On the order of accuracy for finite difference approximations of partial differential equations using stencil composition

TL;DR

This paper explores how stencil composition can be used to create finite difference schemes for PDEs, analyzing their accuracy, stability, and applying them to complex models like the Cahn-Hilliard equation.

Contribution

It introduces a systematic study of stencil composition for PDE discretization, including properties, accuracy order, stability, and practical applications to benchmark problems.

Findings

Stencil composition can produce higher-order accurate finite difference schemes.

The composed stencils maintain stability properties comparable to traditional methods.

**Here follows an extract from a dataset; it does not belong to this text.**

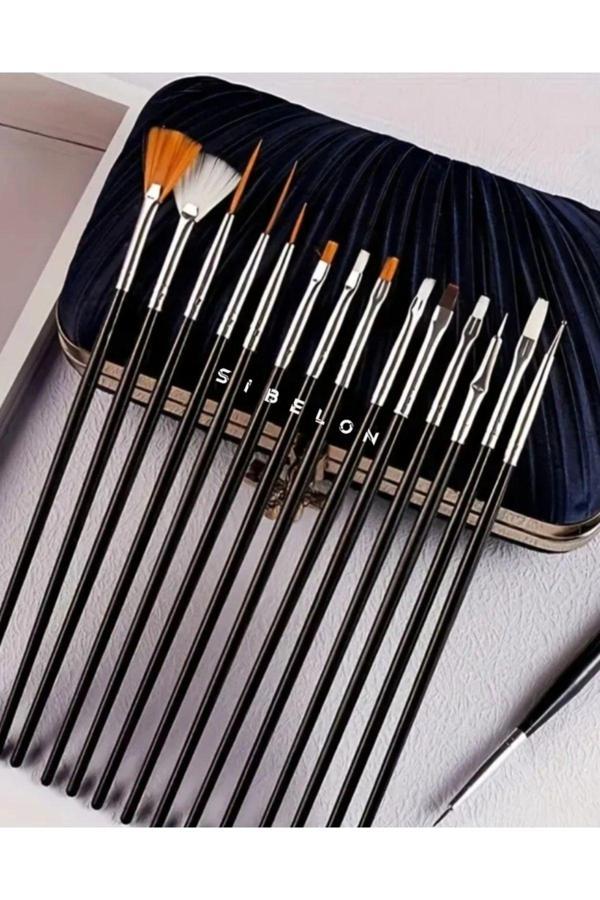 Sibelon Resim Art, Sanat, Takma Tırnak Süsleme,Makyaj Tezhip,Akrilik Boya,Gıda Boyama 15 Adet Fırça Seti - Image 1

Numerical experiments confirm the theoretical order of accuracy and applicability to complex PDEs.

Abstract

Stencil composition uses the idea of function composition, wherein two stencils with arbitrary orders of derivative are composed to obtain a stencil with a derivative order equal to sum of the orders of the composing stencils. In this paper, we show how stencil composition can be applied to form finite difference stencils in order to numerically solve partial differential equations (PDEs). We present various properties of stencil composition and investigate the relationship between the order of accuracy of the composed stencil and that of the composing stencils. We also present comparisons between the stability restrictions of composed higher-order PDEs to their compact versions and numerical experiments wherein we verify the order of accuracy by convergence tests. To demonstrate an application to PDEs, a boundary value problem involving the two-dimensional biharmonic equation is numerically solved using stencil composition and the order of accuracy is verified by performing a convergence test. The method is then applied to the Cahn-Hilliard phase-field model. In addition to sample results in 2D and 3D for this benchmark problem, the scalability, spectral properties, and sparsity is explored.